───── Supplied data ─────
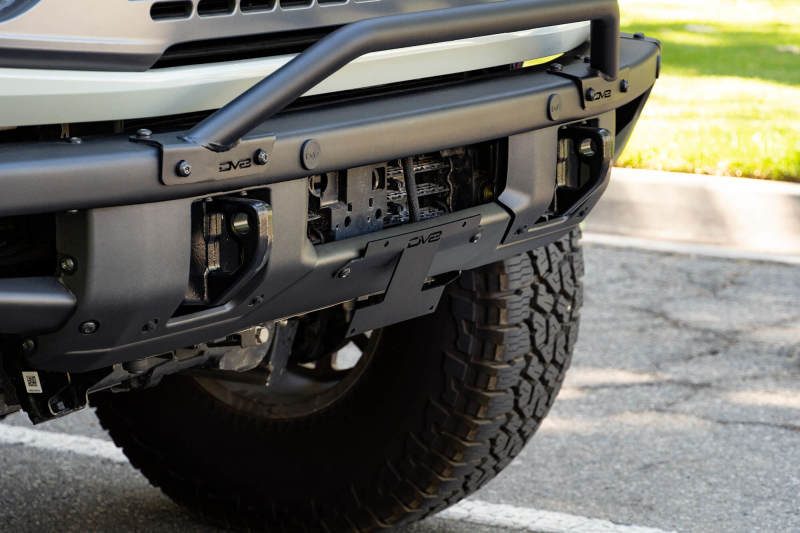 Load image into Gallery viewer, DV8 Offroad 21-22 Ford Bronco Factory Front Bumper Licence Relocation Bracket - Front
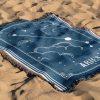 The zodiac woven blanket lies on the sand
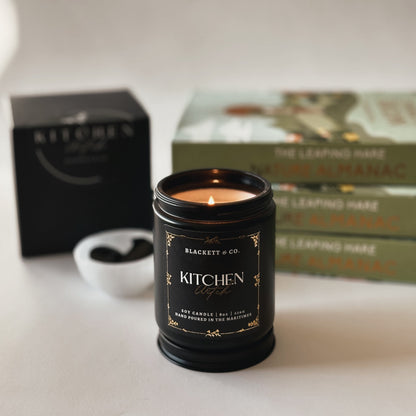 Kitchen Witch scented natural soy candle  handmade by Blackett & Co. on a surface with Nature Almanac books in the background.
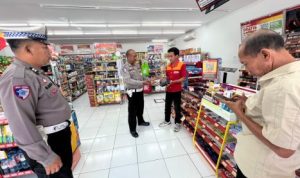Ket poto: Pegawai Alfamart menyerahkan dompet yang ditemukan di depan toko ke pada petugas kepolisian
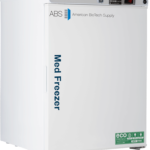 A white upright 4 cu. ft. undercounter pharmacy freezer labeled “Med Freezer” and “American BioTech Supply” on the front. The control panel and digital display are on top. A green “eco friendly” sticker is near the bottom right corner. The freezer stands on four small black feet.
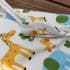 picture of organic cotton baby sleeping bag with animals print. picture of the zip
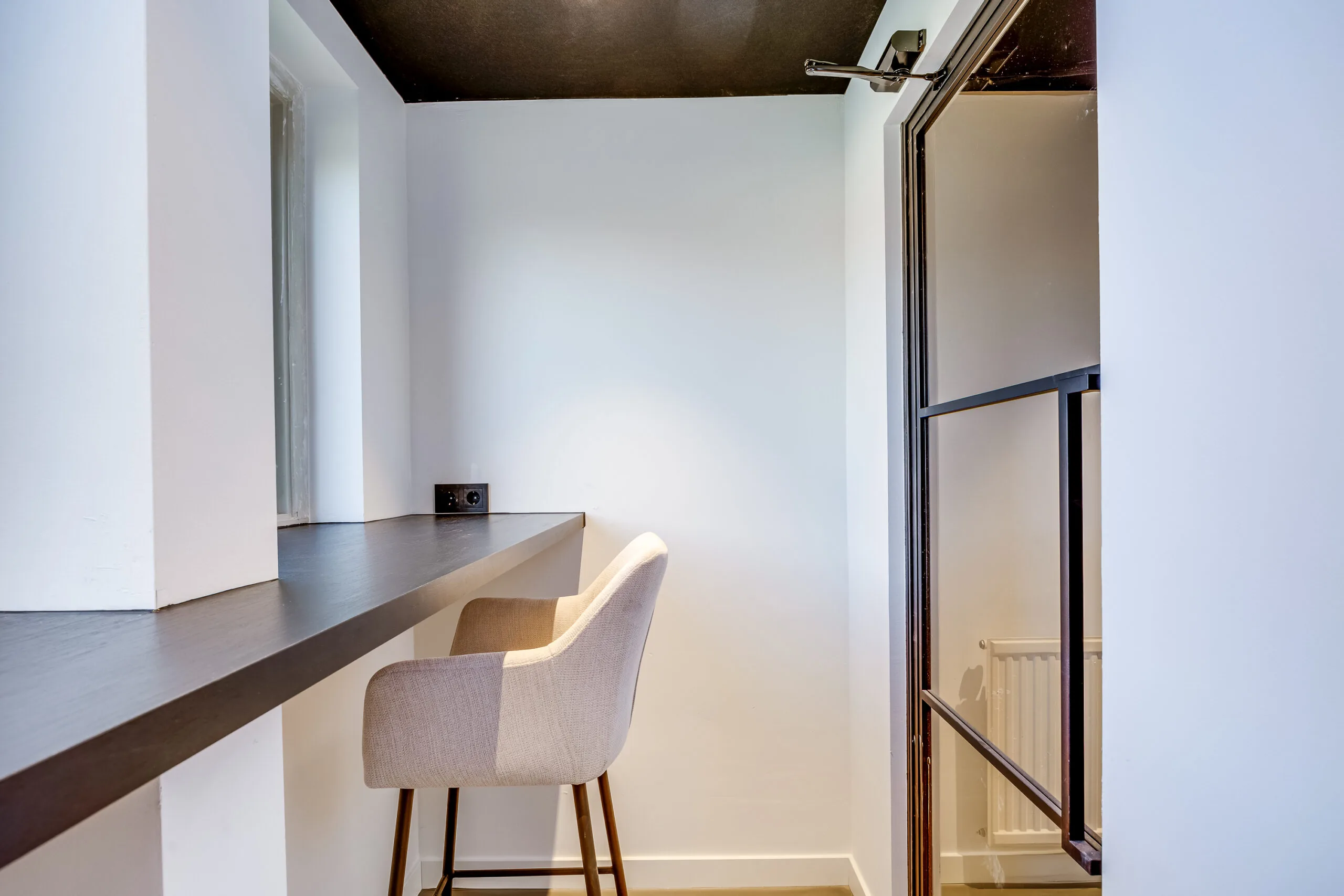Minimalist workspace with a built-in dark wooden desk, a beige chair, and a black-framed glass door at Lage Naarderweg.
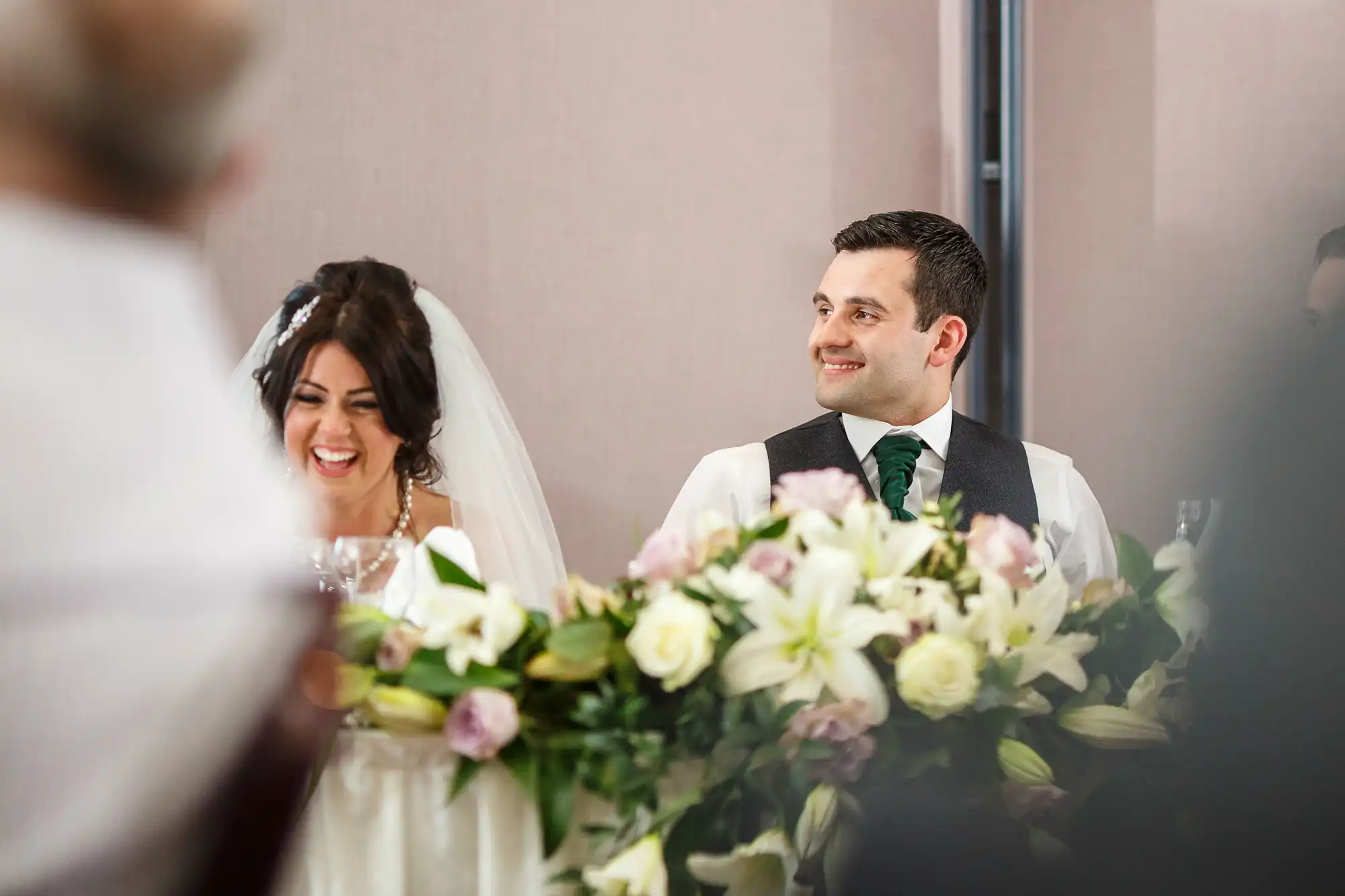 A bride and groom smiling at their wedding, with the groom looking at the bride as she laughs joyfully, surrounded by flowers.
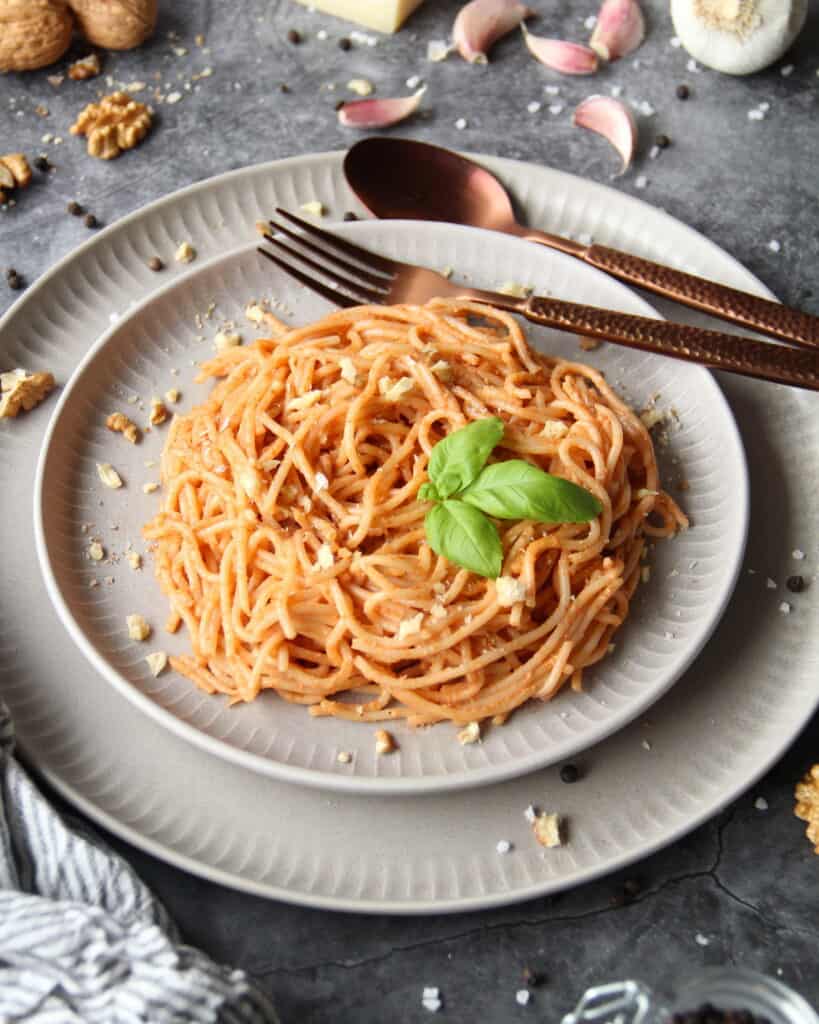 Ein Teller mit Spaghetti mit Walnuss-Pesto. Aussen herum Deko.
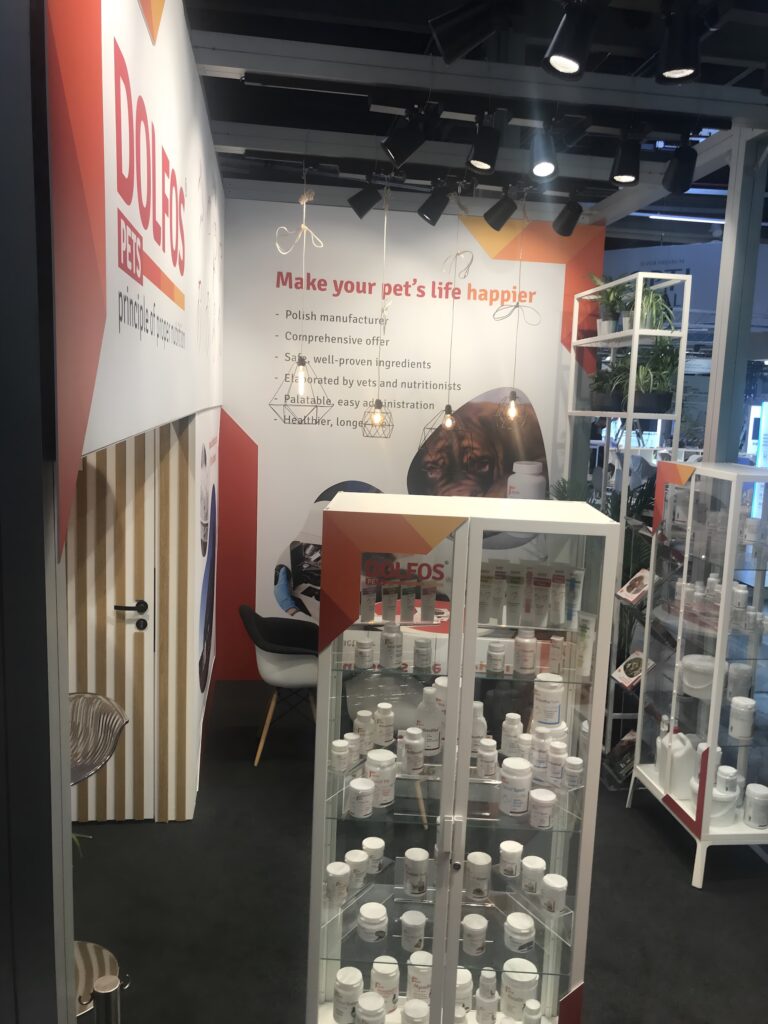 Stoisko dolfos pets na targach Interzoo Norymberga prezentuje suplementy dla zwierząt w białych butelkach na szklanych półkach. Zachęcające stoisko ma jasne tło, wygodne siedzenia, rośliny i podkreśla "Uczyń życie swojego zwierzaka szczęśliwszym". projekt i nadzór Tatjana Kobuszewska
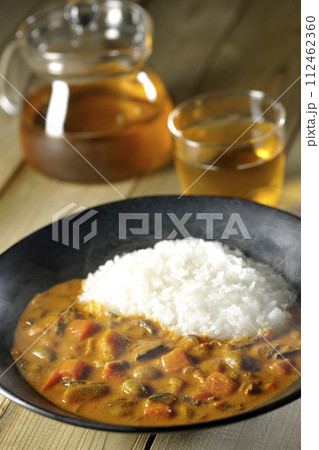 豚肉、かぼちゃ、人参などの野菜が沢山入った熱々カレーライスとお茶 豚肉、かぼちゃ、人参などの野菜が沢山入った熱々カレーライスとお茶 112462360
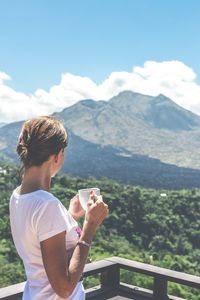 Woman holding coffee cup while looking at mountain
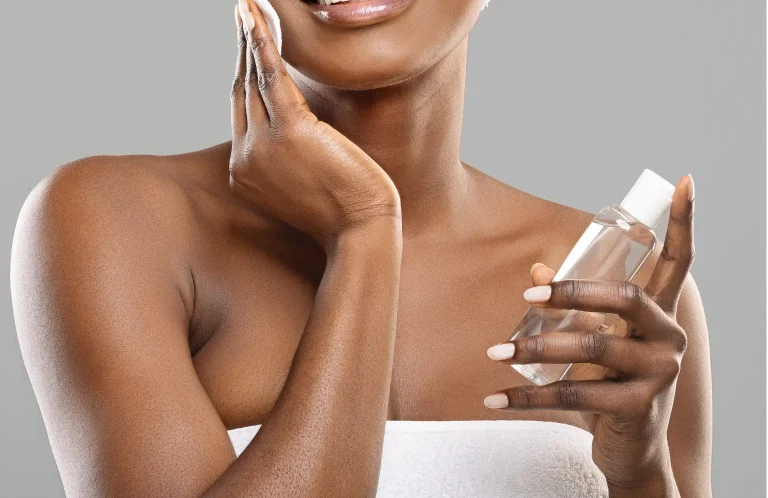 Woman looking at a facial toner bottle in a bathroom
─────
Work instructions: An exact copy is required of the lines from the start of the records above through the line with "The zodiac woven blanket lies on the sand", and only those, without any pictures.

Task answer:
 Load image into Gallery viewer, DV8 Offroad 21-22 Ford Bronco Factory Front Bumper Licence Relocation Bracket - Front
 The zodiac woven blanket lies on the sand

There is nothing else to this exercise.